### Instructions for the task
The task calls for each record to be given again unchanged, minus any pictures.

[[ Data records open ]]

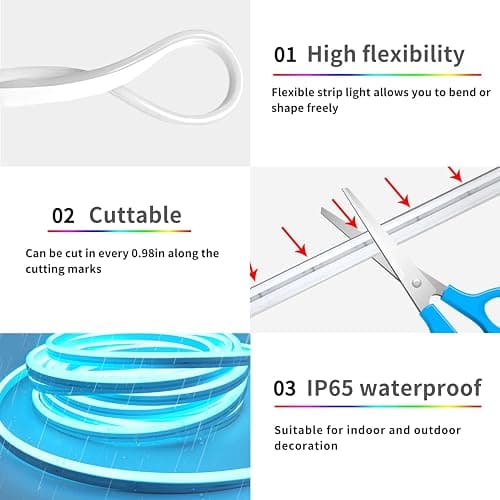segrass 32.8ft LED neon Lights with Remote APP Control IP65 Waterproof Flexible Neon Strip Lights 24V RGB Rope Lights for Bedroom Room Outdoors Décor thumbnail 6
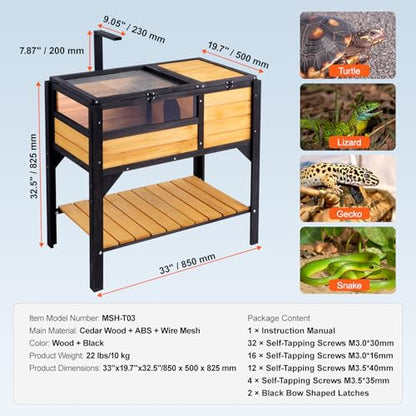 Happybuy Tortoise Habitat, Wooden Tortoise House Indoor & Outdoor, Tortoise Enclosure with Light Stand, Reptile Enclosure Small Animal Cage with Stand Legs for Gecko, Lizard, Snake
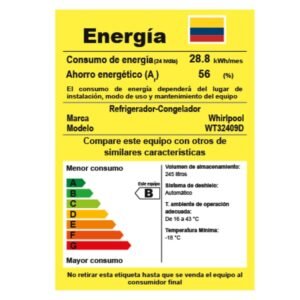 Nevera WHIRLPOOL No Frost 245 Litros Inverter WT32409D Gris - Image 8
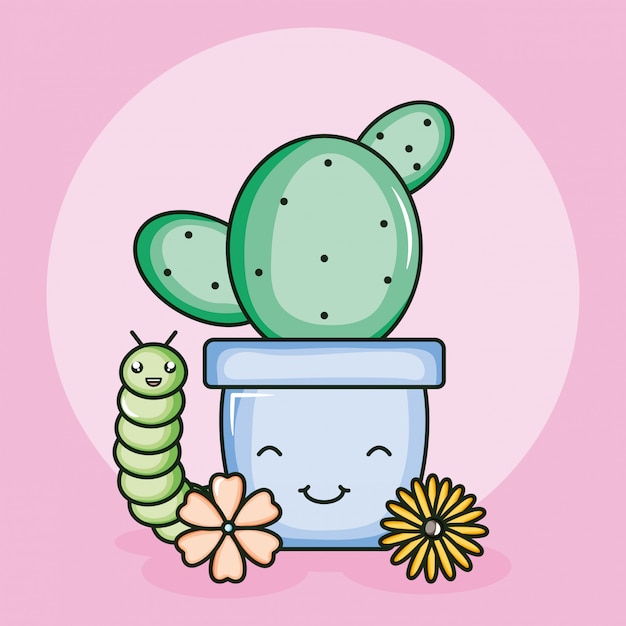 Cactu En Pot En Céramique Et Ver à La Façon Kawaii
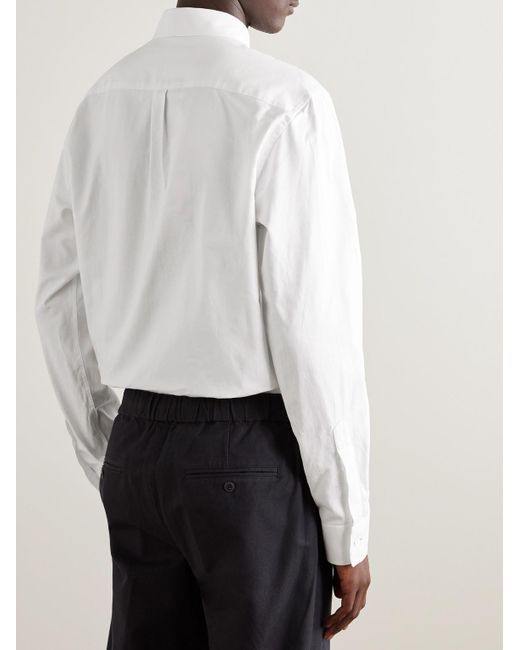 Camicia in cotone Oxford con collo button-down di Paul Smith in White da Uomo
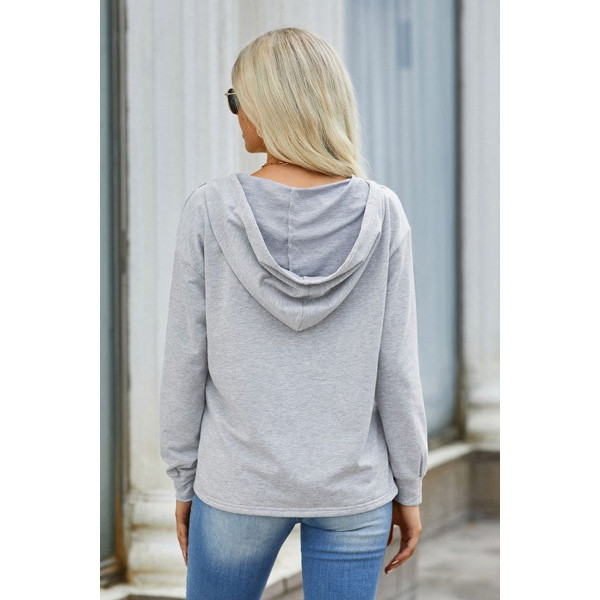 Women's Lace Trim V-Neck Hoodie product image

[[ Data records closed ]]

### Exercise solution
segrass 32.8ft LED neon Lights with Remote APP Control IP65 Waterproof Flexible Neon Strip Lights 24V RGB Rope Lights for Bedroom Room Outdoors Décor thumbnail 6
 Happybuy Tortoise Habitat, Wooden Tortoise House Indoor & Outdoor, Tortoise Enclosure with Light Stand, Reptile Enclosure Small Animal Cage with Stand Legs for Gecko, Lizard, Snake
 Nevera WHIRLPOOL No Frost 245 Litros Inverter WT32409D Gris - Image 8
 Cactu En Pot En Céramique Et Ver à La Façon Kawaii
 Camicia in cotone Oxford con collo button-down di Paul Smith in White da Uomo
 Women's Lace Trim V-Neck Hoodie product image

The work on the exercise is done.